Processo n.º 177/2020 Data do acórdão: 2020-9-10 (Autos em recurso penal)
Assuntos:
– suspensão da execução da pena de prisão
– prorrogação do prazo da suspensão
– art.o 53.o do Código Penal
S U M Á R I O
O prazo inicial da suspensão da execução da pena de prisão é prorrogável nos termos do art.o 53.o do Código Penal, em função das circunstâncias do caso concreto.
O relator,
Chan Kuong Seng
Processo n.º 177/2020
(Recurso em processo penal)
Recorrente (arguido): A
ACORDAM NO TRIBUNAL DE SEGUNDA INSTÂNCIA DA
REGIÃO ADMINISTRATIVA ESPECIAL DE MACAU
I – RELATÓRIO
Inconformado com o despacho judicial proferido a fls. 387v a 388v do ora subjacente Processo Comum Colectivo actualmente n.o CR5-17-0212-PCC do 5.o Juízo Criminal do Tribunal Judicial de Base (TJB) que lhe revogou, nos aí citados termos do art.o 54.o, n.o 1, alínea b), do Código Penal (CP), a suspensão, por dois anos, da execução da sua pena de um ano e nove meses de prisão, então imposta por prática, em autoria material, de um crime consumado de burla em valor elevado, p. e p. pelo art.o 211.o, n.os 1 e 3, do CP, veio o arguido condenado A, já melhor identificado nos presentes autos correspondentes, recorrer para este Tribunal de Segunda Instância (TSI), para pedir, na sua motivação apresentada a fls. 406 a 411 dos autos, a manutenção da suspensão da execução da pena, com imposição da advertência solene e exigência da garantia do cumprimento da obrigação, ou até eventual prorrogação do prazo da suspensão, alegando, para o efeito, que na dita decisão revogatória da suspensão da pena, não se considerou, inclusivamente, que estava em causa um novo crime praticado em tentativa, de furto de apenas um fruto com valor venal de MOP150,00.
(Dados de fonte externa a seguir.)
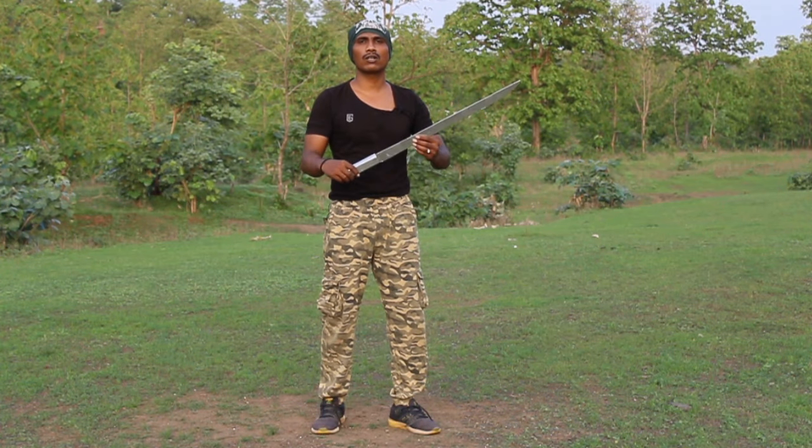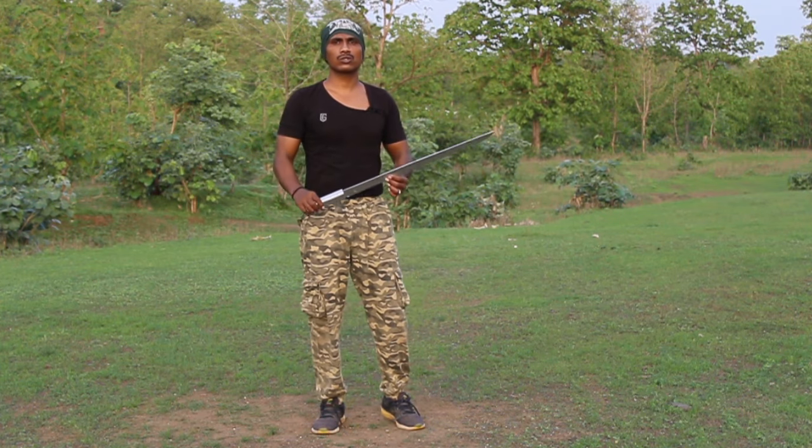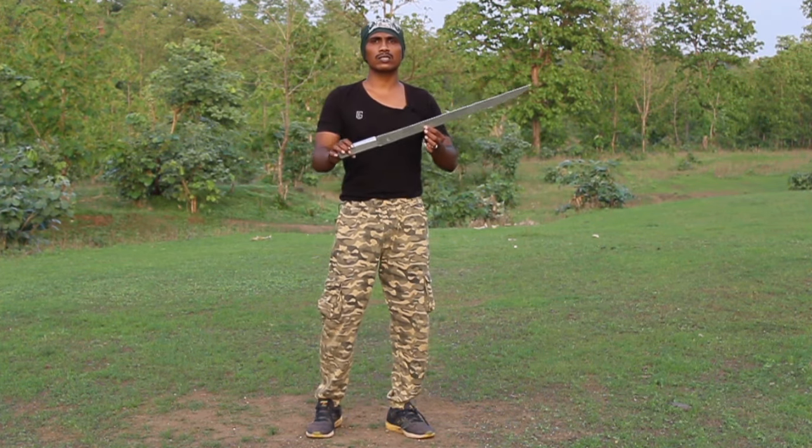Hello friends, how are you? I'm going to learn a new video and a new topic. Today we are going to learn about what kind of fire is going to fly.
Ao recurso, respondeu o Digno Delegado do Procurador a fls. 414 a 415 dos autos, no sentido de manutenção da decisão recorrida.
Subido o recurso, emitiu a Digna Procuradora-Adjunta parecer a fls. 425 a 426, pugnando pela improcedência do recurso.
Feito o exame preliminar e corridos os vistos, cumpre decidir.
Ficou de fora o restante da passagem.